→ Provided data:
= = = = =

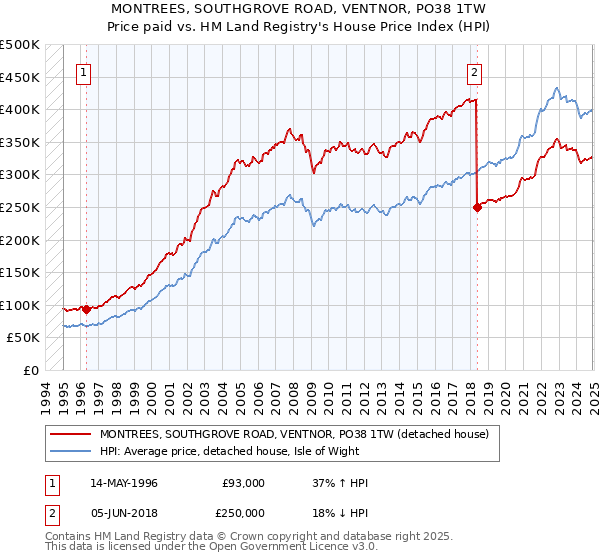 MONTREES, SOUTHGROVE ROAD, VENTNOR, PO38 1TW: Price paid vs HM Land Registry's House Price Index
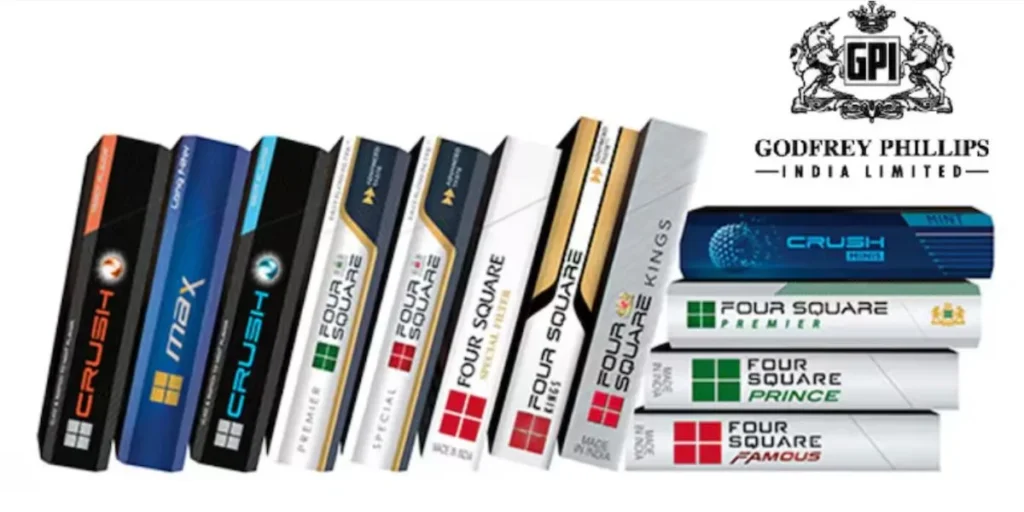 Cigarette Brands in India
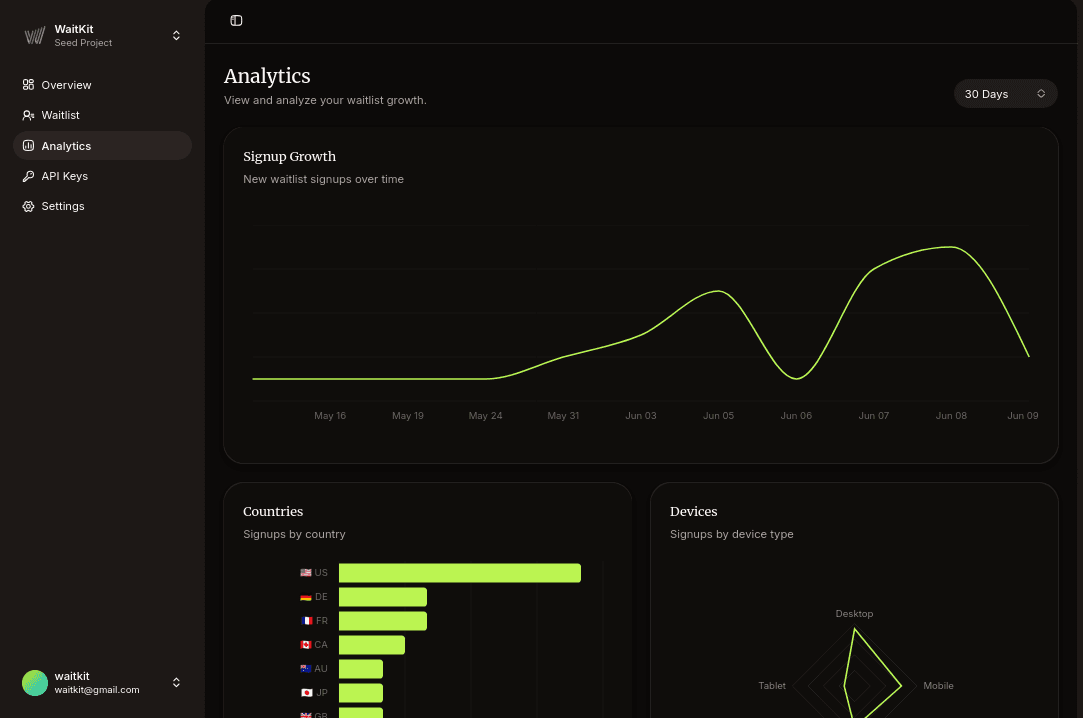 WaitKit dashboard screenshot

= = = = =

→ What you have to do: Aside from its pictures, the listing must be given again in full, exactly as it appears.

→ Answer space:
 MONTREES, SOUTHGROVE ROAD, VENTNOR, PO38 1TW: Price paid vs HM Land Registry's House Price Index
 Cigarette Brands in India
 WaitKit dashboard screenshot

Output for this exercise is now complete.